第6話 「問われた覚悟」
今回は五千字と少なめになっております。
ザザムさんは楽しそうに微笑むと、足を組み替えて体を乗り出す。
「紡呪とは、呪いとも呪術とも全く違うものじゃ。呪いや呪術は代償や制約といったものを払い、攻撃や防御、回復などの力を発現させるものじゃ。しかし、紡呪というものはそうではない。これは代償や制約といったものがなく、常に肉体や精神、呪術や呪いに影響を与える特殊な力のことを言う。言うなれば、魔法師の『加護』みたいなものじゃな」
『加護』
魔法に愛された者が稀に持つ特殊な力。これは常時発動型が多く、肉体や魔法に影響を与える。魔法とは違い、魔素を消費することはなく、特定の属性魔法を使う際にその威力を上げるものなどがある。

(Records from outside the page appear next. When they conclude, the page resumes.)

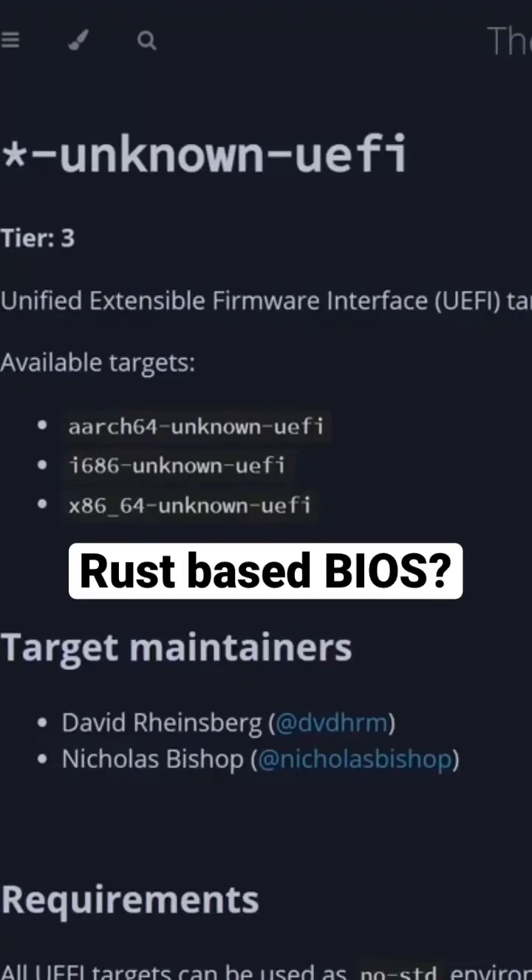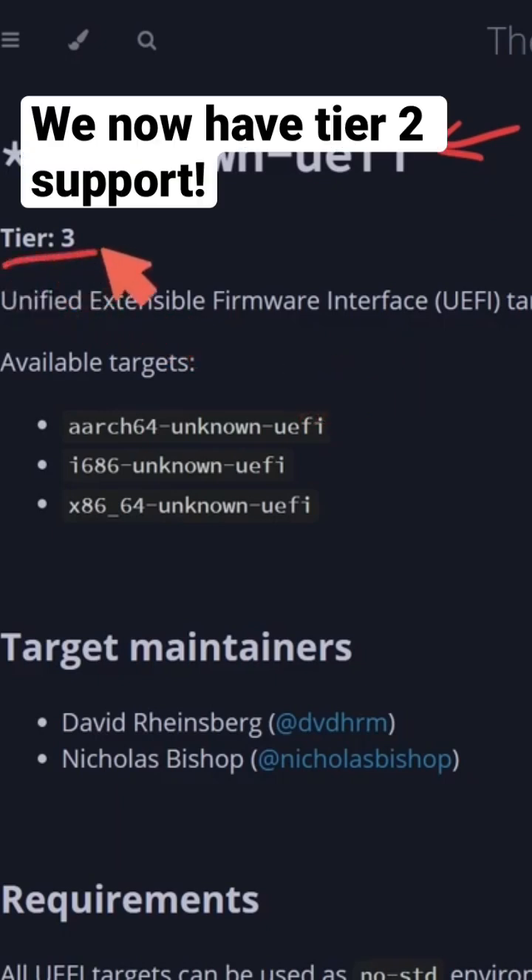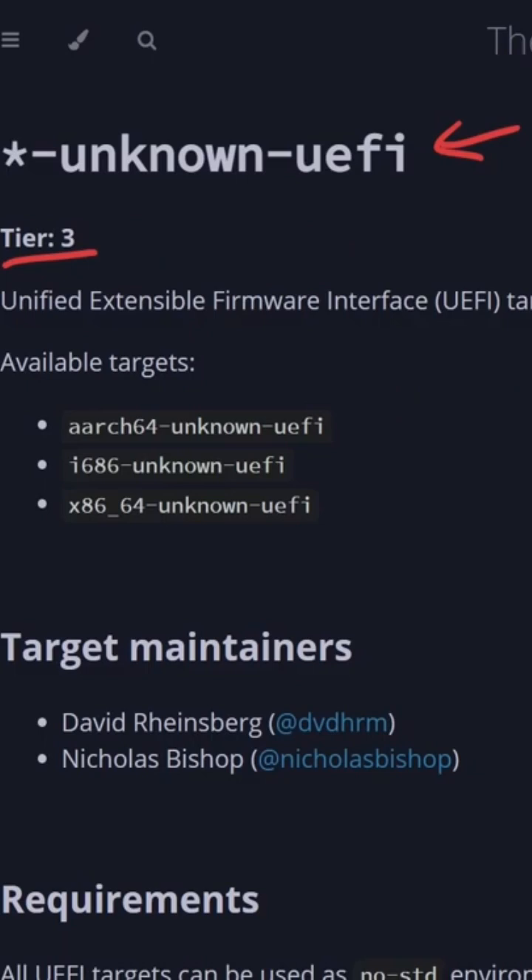Big news for Rust support in the UEFI BIOS firmware space. Here's the Rust book that talks about UEFI Rust-based firmware support, and currently it is in tier three. We'll be talking about this because there has been a change to that, and it is one of the most important things that has happened over the last week.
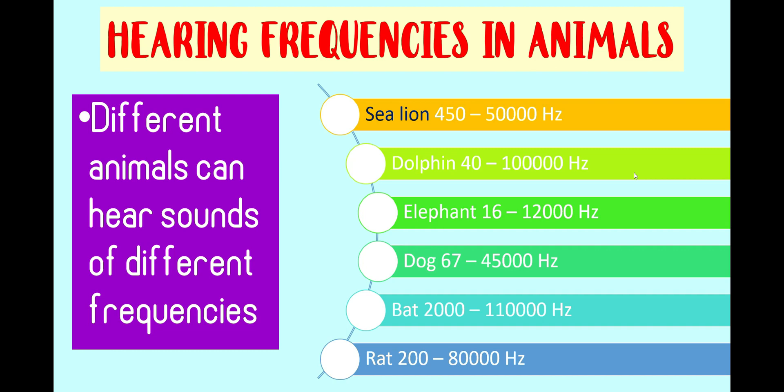Despite having huge ears, elephants are able to hear sounds from 16 to 12,000 Hz of frequencies. Dogs, on the other hand, are able to hear sounds from 67 to 45,000 Hz of frequencies. Bats can hear sounds from 2,000 to 110,000 Hz of frequencies.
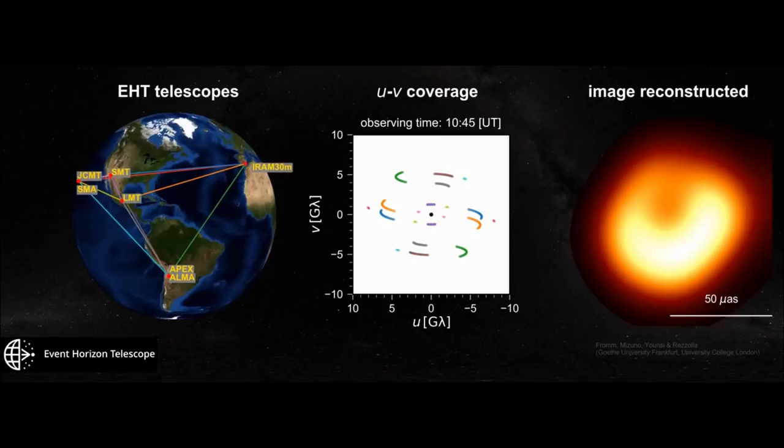Finally, we have the first ever image of a black hole, and this is a revolutionary day in the history of science. I hope you liked this video. If you did, please subscribe to my channel and share my videos.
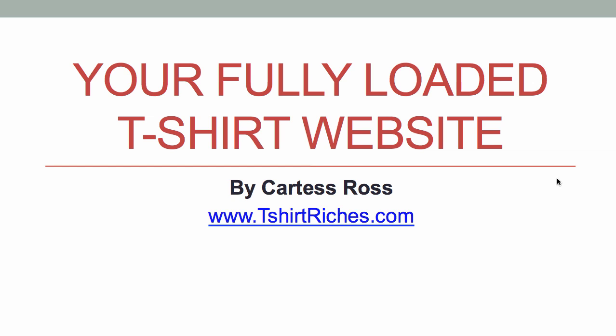Hi, and welcome back to t-shirtriches.com. Today, we're gonna talk about the website piece. This is very important because the bulk of your sales will come through this process, through the website. And if you don't have a good website that works, converts, and sells for you, then you're just gonna leave a lot of money on the table.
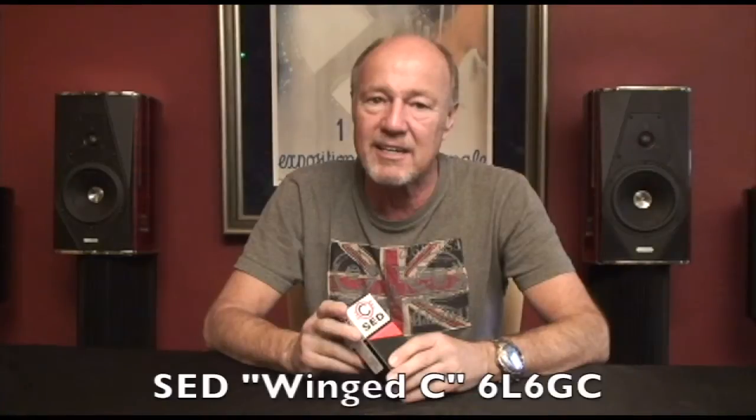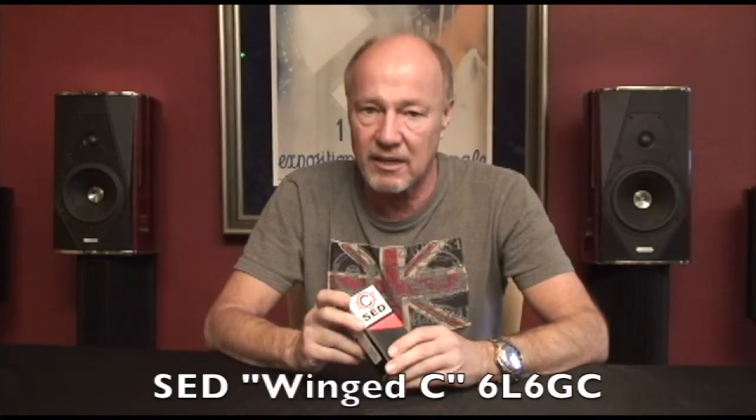Hi, this is Kevin Diehl from Opscale Audio, and today we're going to take a closer look at the SED Winged C 6L6GC. We're the last man standing with Svetlana tubes — the real Svetlana, not the new Svetlana. We're talking about the historic Svetlana from St. Petersburg.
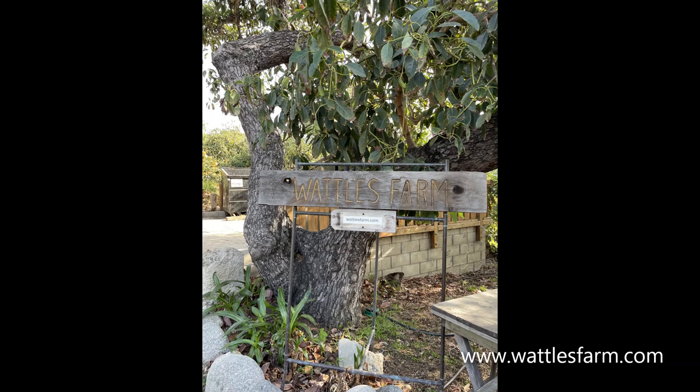More information about Waddles Farm can be found on their website at www.waddlesfarm.com.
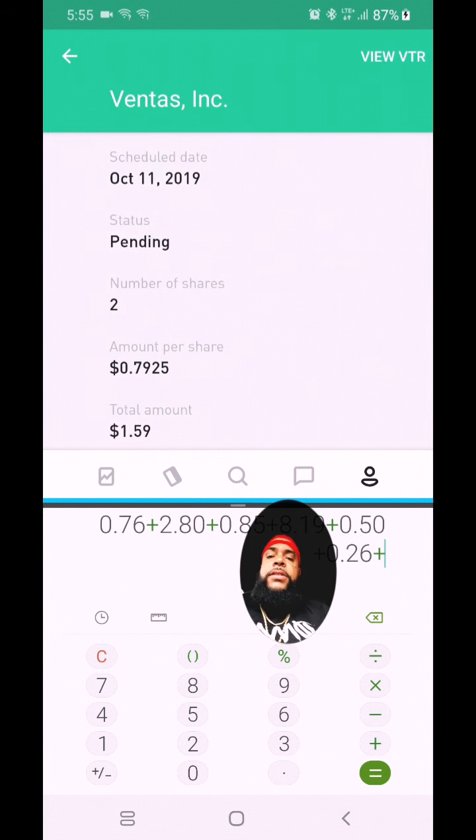The next one coming up is from Philip Morris. I have 10 shares — they pay a dollar and 17 cents per share, for a total of eleven dollars and 70 cents. Let's add that in. Philip Morris, for you guys who don't know, is a tobacco company — they make smoking products.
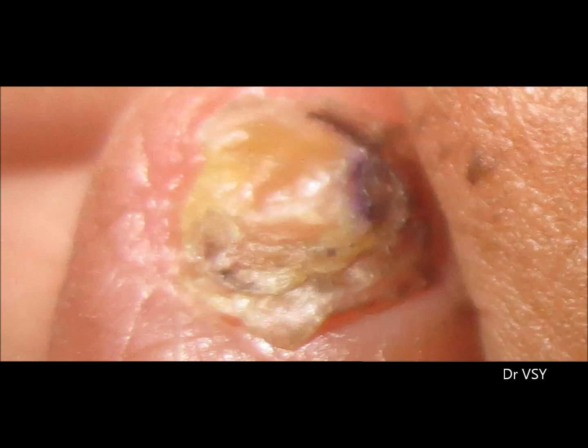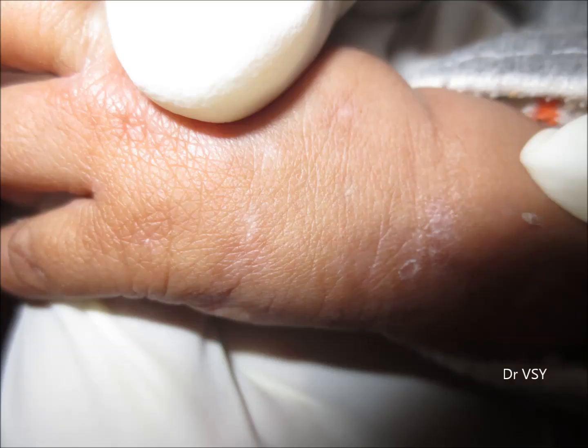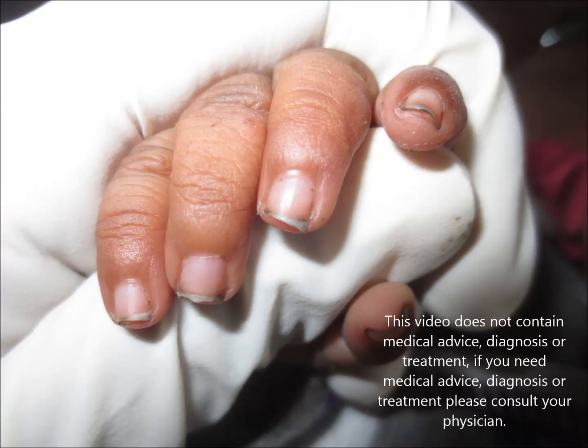This can't be a fungal infection because at this age fungal infection is really very rare — occurring in about 0.2% of cases. But what do you think about it? Leave your comments.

加護と呼ばれるものはとても珍しい反面、効果は絶大で、これを持っている魔法師は大半がゴールドランク以上に所属している。
故に、魔法師にとって加護を得ることは一つの目標であり夢だ。
僕も憧れていた。
もし自分に加護が授かるならどんな力だろうと、寝ないで妄想していたこともある。
それぐらい加護というものは強力で、魅力的だった。
しかし、憧れの加護に似た紡呪にワクワクしている僕を見て、ザザムさんは申し訳なさそうに苦笑する。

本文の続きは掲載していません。